Closer Readings Commentary

"But Are Mermaids Real?"

This question was posed earlier this month by The National Oceanic and Atmospheric Administration (NOAA) a federal agency focused on the condition of the oceans and the atmosphere. The answer NOAA gave included a little overview of the mythological and literary significance of "those half-human, half-fish sirens of the sea" including their first appearance "in cave paintings some 30,000 years ago, when modern humans gained dominion over the land and presumably, began to sail the seas."

NOAA stopped short totally denying the existence of these creatures of mystery and myth stating: "No evidence of aquatic humanoids has ever been found." They followed it with: "Why, then, do they occupy the collective unconscious of nearly all seafaring peoples? That’s a question best left to historians, philosophers, and anthropologists." NOAA's sidebar links to an animated feature on Manatees 101 your students may enjoy viewing along with this whimsical Ocean Fact page.

In this line of questioning we find a complementary intersection of the STEM and the Humanities disciplines. In it, we find an opportunity to provoke classroom discussion and reflection in both Science and Humanities classes. Moreover, this theme can inspire imaginative expresssion as your students return to school fresh from their summertime activities including beachcombing (if your students are like my kids and still spend some of their beach time searching along the shore for shells?)

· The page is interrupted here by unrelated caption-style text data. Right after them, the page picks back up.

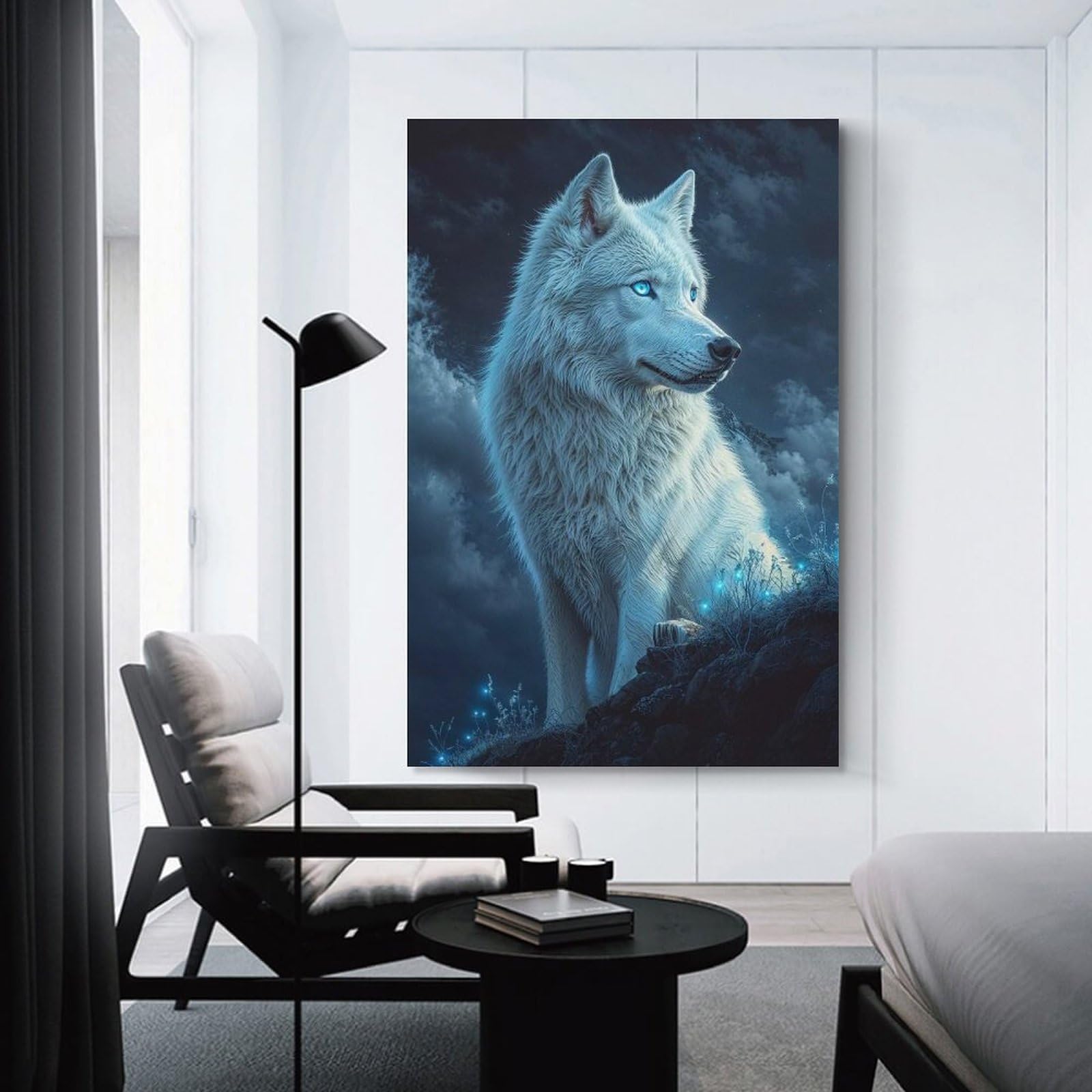 Junmoney Decorative Canvas Print White Wolf with Blue Eyes, 16x24inch(40x60cm), for New Homes, Bedrooms Or Workspaces, Thoughtful Wall Decor for Art Lovers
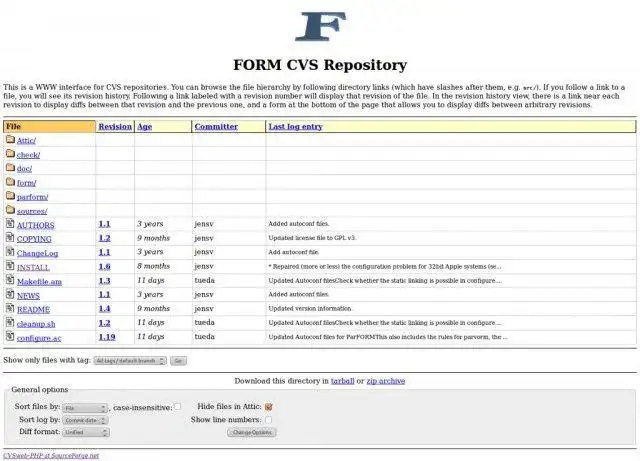 Descargue la herramienta web o la aplicación web CVSweb-PHP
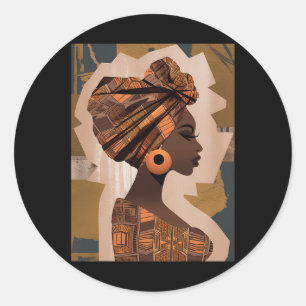 Funny Kente Cloth Head Wrap African American Women Classic Round Sticker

Interestingly, NOAA has a history of addressing legends relating to oceans, including Atlantis and the Bermuda Triangle. One part of NOAA’s mission is public outreach, and if they get enough queries on a given topic (even a mythical one) they will address it. Keeley Belva, spokesperson for NOAA, called this "a fun way to talk about it and to have information up about mermaids in different cultures and to draw people into our website and learn more about what NOAA and the National Ocean Service does. NOAA is an agency that enriches life through science. Our reach goes from the surface of the sun to the depths of the ocean floor as we work to keep citizens informed of the changing environment around them."

Of course, this question also lies in the domain of the Humanities. It is the subject of many masterworks and characters in literature, folklore, art and film. We hope your students will join us in celebrating the mystery of the sea and the lure of the underwater world in the figure of the mermaid.

The following EDSITEment and NEH resources can be adapted for all ages:

Grades K–2:

Unicorns, Dragons and other Magical Creatures takes advantage of students' interest in all things magical by helping them learn about fantastical creatures within a cultural and historical context.

Grades 3–5:

Hans Christian Andersen's Fairytales discusses the orginal,The Little Mermaid or `Den lille Havfrue' (1837) along with several other classic tales.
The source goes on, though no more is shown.